The reason I asked was I bought some woodies from Everything Archery south of Monroe. He fletched and glued on the nocks. These are the only ones that I have with the cock feather up instead of out. The inside fletching will hit the riser every time. I did not request them to be done this way. I asked the shop owner and he said they are all done that way that it is better. I am not sure about that.


----------



## timetohunt

Here is what I am talking about, I shoot right handed. The rightmost fletching is going to be hitting the riser.


----------



## RogerB

Cock feather out is most common and probably the most "traditional", cock feather in is second most common and proven in some tests to be more accurate, what ever shoots best for you is "right". Cock feather up, I have only seen commonly used with compound rests (several of the new capture rests use cock feather up)
But take heart, most trad bows have some portion of the fletching hit the riser, that is why we shoot feathers.


----------



## timetohunt

Ok I will give them a go. I was afraid that the flrtching on the inside woul start tearing loose.


----------



## markland

When I align my nocks on my arrows I usually have 1 feather pretty much straight up so the hen or inside feather will ride thru the channel of the shelf and side plate.  I normally just fletch all my arrows the same color and use the nock to locate them when I nock the arrow on the string, but sounds fine!  Mark


----------



## PAPALAPIN

If I remember correctly (now remember I am getting senile) some arrows were fletched with cock feather down for shooting off of compound double prong rests.  This would let the down feather ride through the two prongs.  In the case of compounds, the arrow really doesn't get close to the riser window because of the high tech arrow rests.

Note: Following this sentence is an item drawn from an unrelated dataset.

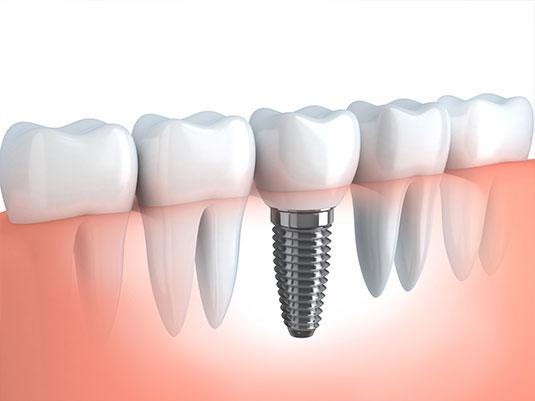 dental implant missing teeth mississauga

Is it possible that you had your arrows fletched by a guy that handles mainly wheelie bow stuff.  If so, that might be his standard.

I am open for correction here because It has been a long time since I shot a heathen wheelie bow, and when I did I never used a double prong rest.  I always used a NAP center rest which in effect was like shooting off of a Bear weather rest.

Just my thoughts...and I could be wrong.

AL...Sorry for talking about wheelie bows and elevated prong rests.  Maya Coulpa (3 times)


----------



## NumPls

Some rests for compound + release shooters are made for one of the fletches to be at 12:00 (up), while others are made for one of the fletches to be at 6:00 (down). There are probably others that work better with other nock-fletch orientations. It may be that the place where you purchased your arrows has their fletchers set up to the nock orientation that gives one of the fletches either up or down because they sell more to compound-release shooters. If so, they may not want to go thru the bother of re-setting the nock alignment of their fletchers, so they fletched your arrows the same way.

By the way, in the Traditional Archery realm, Black Widow recommends cock-feather (odd-fletch) at 12:00.

For myself (I shoot a tab, whether I am shooting a compound or a traditional bow), when I am shooting a bow with an elevated rest (like a flipper), I shoot with the odd-fletch out. However, when I shoot one of my traditional bows off-the-shelf, I turn the cock-feather IN. I found, when I was shooting cock-feather out, that I was getting a lot of wear on the outer edge of the shelf rest. So, I shifted to cock-feather in, and that excessive wear went away. Since that time, I experimented with cock-feather at 12:00, but also got wear on the outer-edge of the shelf. So, I am sticking with cock-feather IN.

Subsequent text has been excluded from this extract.